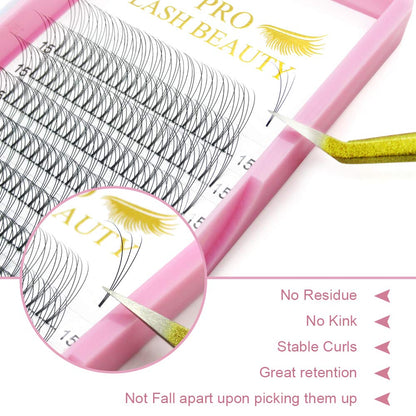 PRO LASHBEAUTY Premade Volume Eyelash Extensions 3D-0.07 | 9-20mm C/D Curl Premade Fans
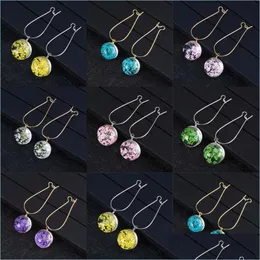 Charm Fashion Summer Flower Earring Woman Dried Flowers Earrings Glass Ball Pressed Dingle Earing Jewelry Gift Wholesale 2918 Drop de DHFPQ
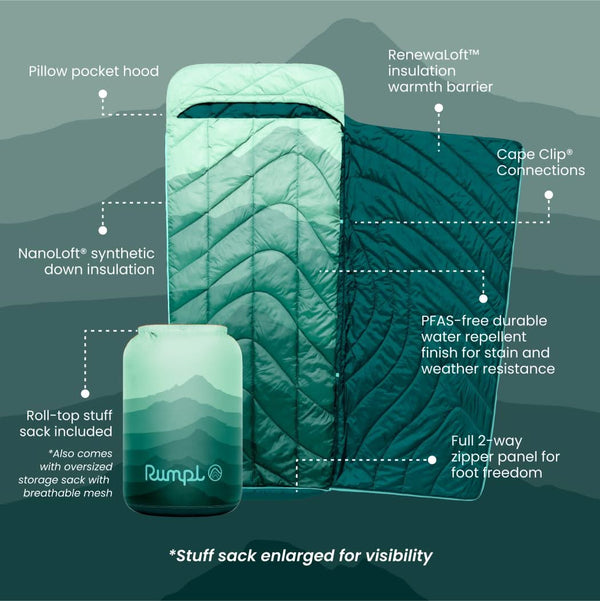 Rumpl Wrap Sack 20° Sleeping Bag Cascade Fade
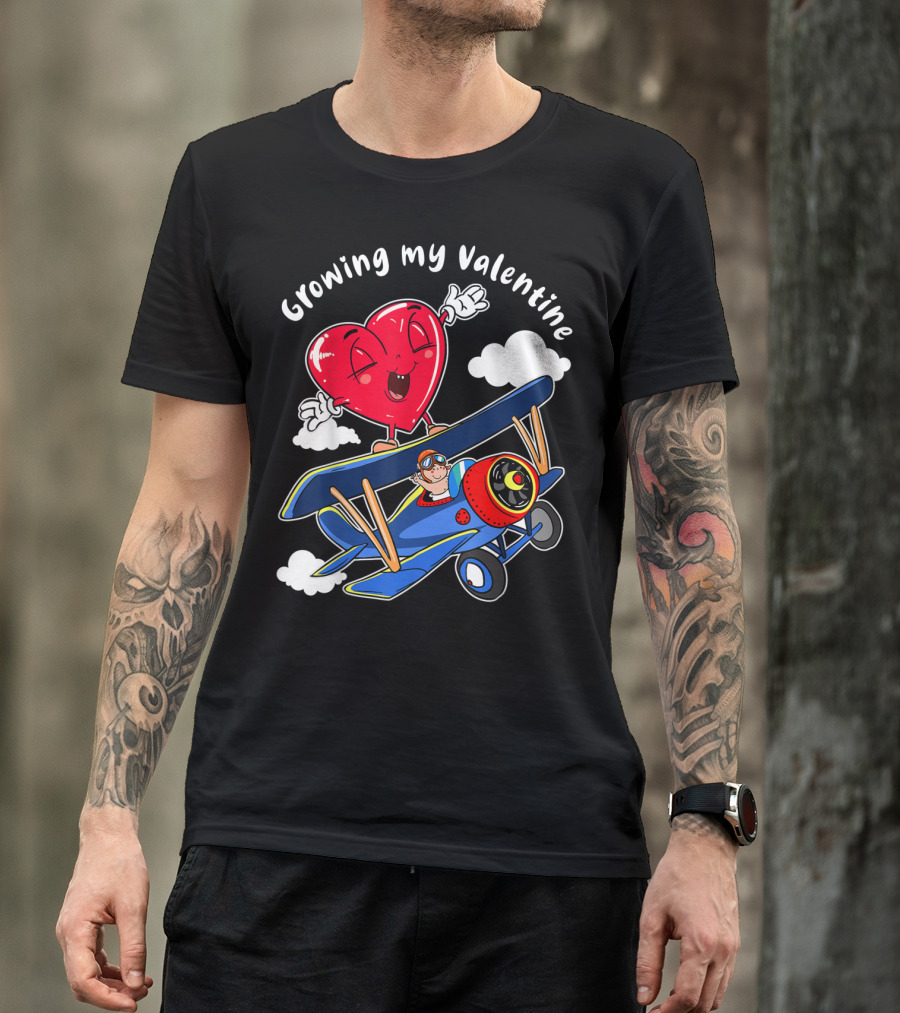Growing My Valentine Cute Airplane Heart7 For Child Baby T-Shirt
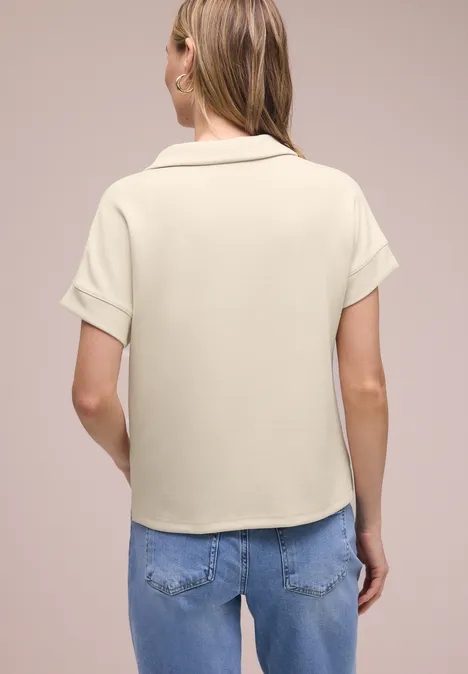 Poloshirt met korte mouwen en geribd detail smoke beige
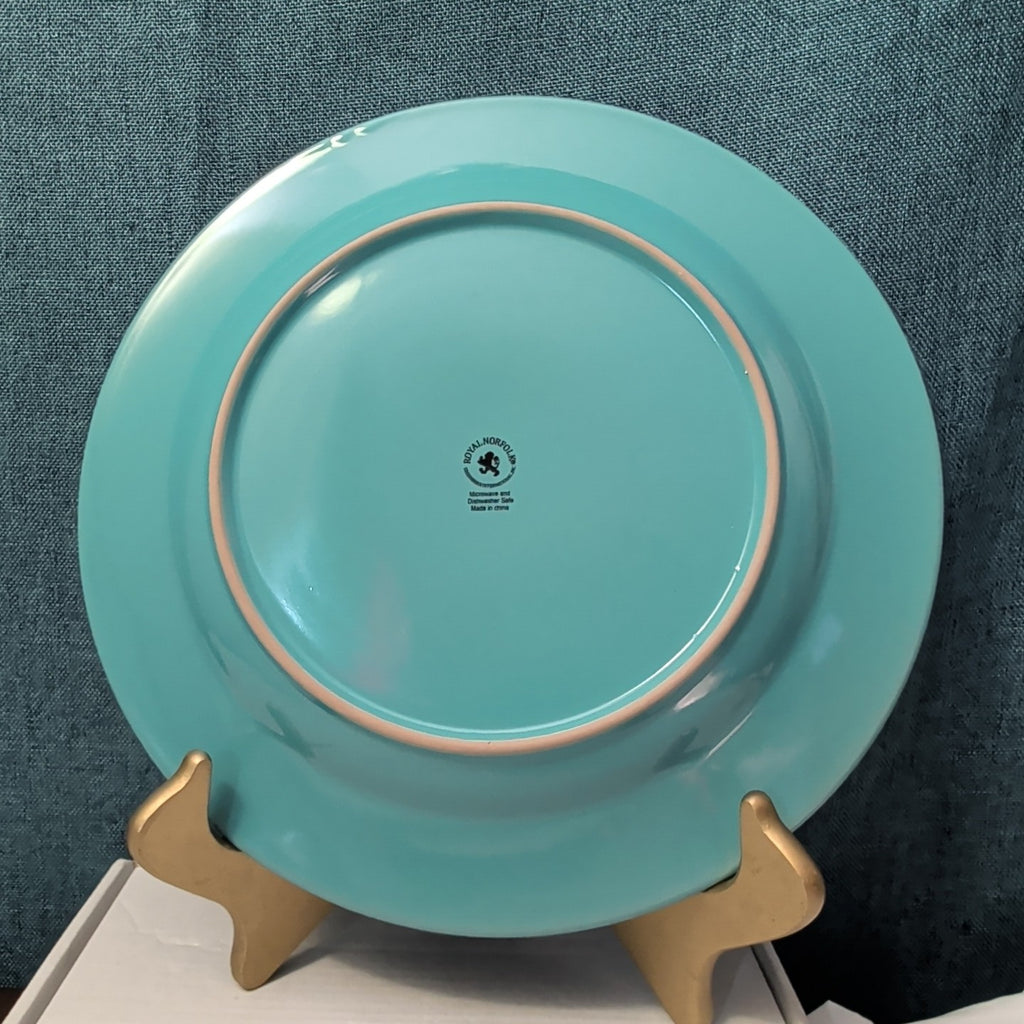 Set of 4 Royal Norfolk Dinner Plates Turquoise Teal Blue Scrolls Rim 10.5"
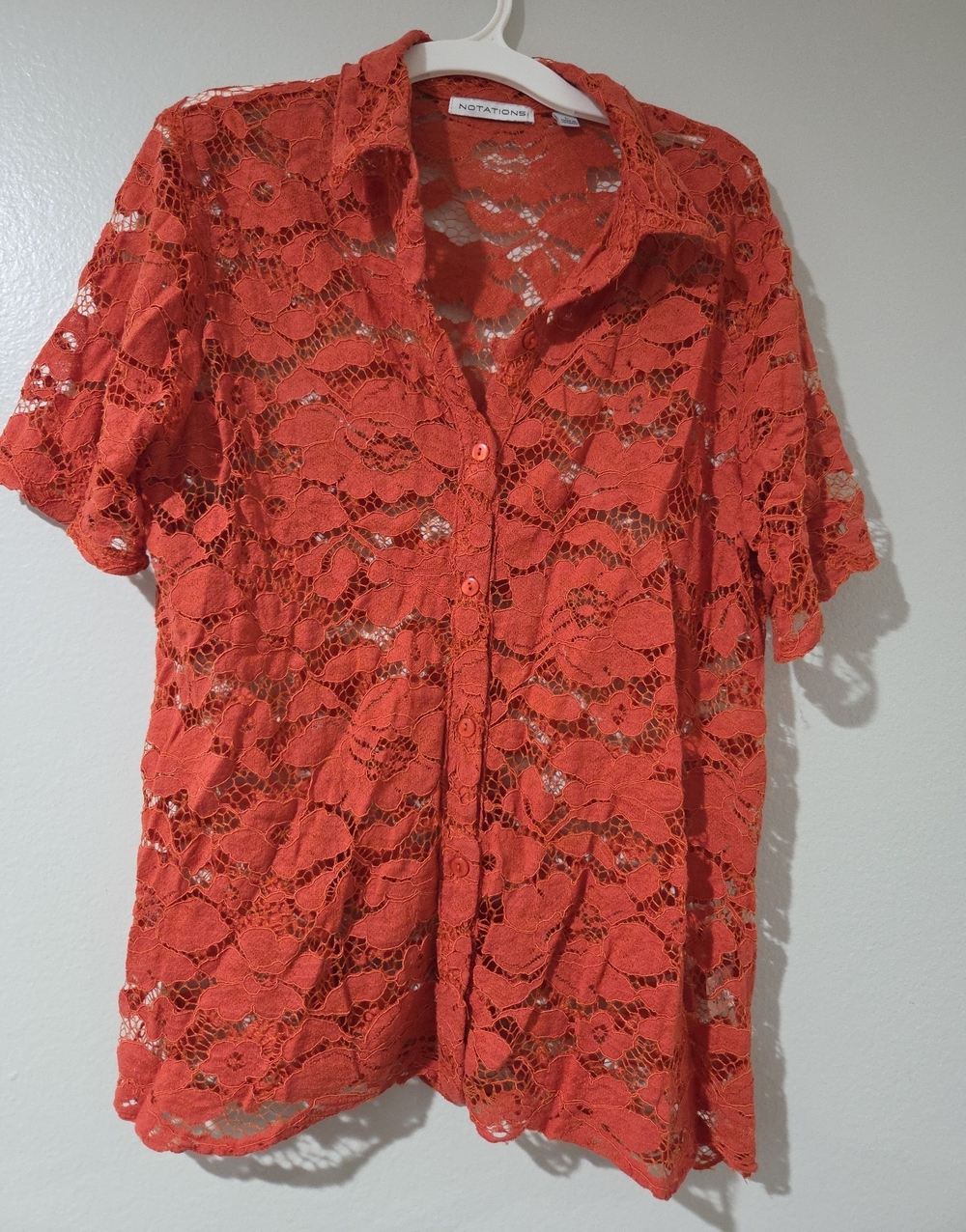Notations Orange Coral Lace Button-Down Shirt
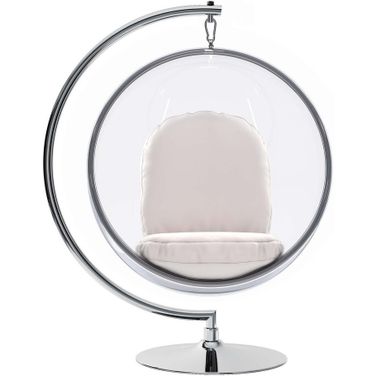 42 Inch Faux Leather Balloon Chair In White and Silver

________________________________________

EXERCISE DETAILS: Repeat the line containing "Notations Orange Coral Lace Button-Down Shirt" and every line after it up to the end of the material above, exactly as they stand, minus the pictures.

REPLY TO THE EXERCISE:
Notations Orange Coral Lace Button-Down Shirt
 42 Inch Faux Leather Balloon Chair In White and Silver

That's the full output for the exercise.